Faiz pulang tak lama setelahnya, menyisakan Aksa seorang diri di dalam aula. Rasanya, seluruh energi di dalam dirinya sudah habis terkuras. Ia kelelahan setelah menemui banyak orang asing tadi. Aksa perlu waktu sendirian untuk mengisi ulang energi-energinya yang hilang. Mungkin datang ke salah satu kafe sembari menikmati aroma kopi bisa menjadi solusi. Terlebih lagi, sore ini mungkin kafe belum terlalu padat.
Aksa berdiri dari duduknya. Ia menyandangkan tas ranselnya di bahu lalu keluar dari aula setelah memastikan tidak ada barang yang tertinggal. Sambil menyusuri koridor lantai satu, ia menunduk untuk mencari kunci motor di sakunya.
Ia baru memfokuskan kembali pandangannya ke jalan setelah menemukan kunci motornya, bertepatan dengan pintu ruangan Japsi (jasa psikologi) terbuka dan menghadirkan seorang perempuan. Kaki Aksa refleks berhenti. Dari jarak dua meter, ia memerhatikan sosok perempuan yang tengah memegangi satu tas penuh berisi bundelan kertas.
"Ara? Ngapain?"
Ara sedikit terlonjak. Tangannya menggantung di udara, hendak mengunci pintu Japsi namun terhenti karena tiba-tiba disapa. Koridor lantai satu sepi dan lengang, karena itu ia kaget ada mahasiswa yang masih berkeliaran setelah kuliah umum PSDM selesai.
"Oh, Aksa," kata Ara setelah memastikan siapa yang menyapanya. "Habis ambil lembar jawaban IST. Anak semester empat besok Senin mulai belajar materi IST di matkul asesmen inteligensi."
"Oh, iya. Kamu asdos matkul asintel, ya?"
"Iya," jawab Ara setelah mengunci pintu Japsi. Matanya melirik Aksa sebentar. Lagi-lagi ia berada di posisi kebingungan harus melontarkan pertanyaan basa-basi untuk menanyakan keberadaan Aksa sekarang atau tidak.

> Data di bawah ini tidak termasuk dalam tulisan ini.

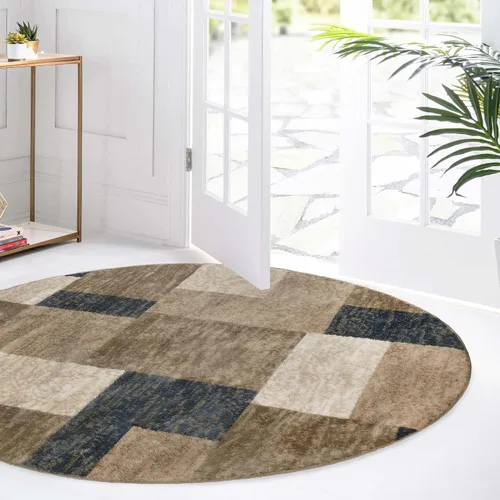 Vista 25 de Superior alfombra de área de la colección diseñador Clifton, 8 mm de altura de apilado, con respaldo de yute, diseño geométrico contemporáneo, Beige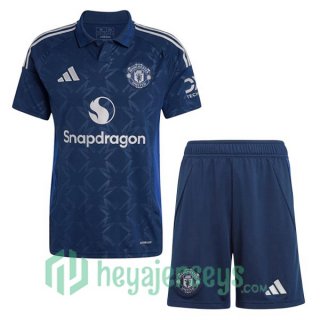 Manchester United Kids Away Soccer Jerseys Blue 2024/2025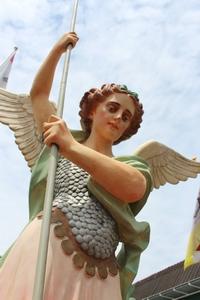 St. Michael Statue en plaster polychrome, France 19th century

"Aku habis ...," Aksa menggantungkan ucapannya, membuat Ara menghela napas lega karena tak perlu berbasa-basi. "Aku habis ngapain, ya? Nggak ngapa-ngapain, sih. Tadi istirahat sebentar setelah kelas umum selesai."
"Oh, gitu."
Ara berjalan terlebih dahulu, disusul langkah Aksa yang berjalan satu meter di belakangnya. Sejujurnya, Ara merasa sedikit tidak nyaman karena harus terjebak di suasana canggung bersama orang asing seperti Aksa. 'Orang asing' meski faktanya ia dan Aksa pernah satu sekolah dulunya.
"Langsung pulang, Ra?" Aksa kembali bertanya setelah mereka sampai di parkiran.
Tangan Ara menggaruk telinganya yang tidak gatal. Ia bergumam sebentar sebelum menjawab. "Enggak, sih. Rencananya mau ke kafe buat ngelanjutin cek asistensi kemarin yang belum selesai."
KAMU SEDANG MEMBACA
Magnet [Selesai]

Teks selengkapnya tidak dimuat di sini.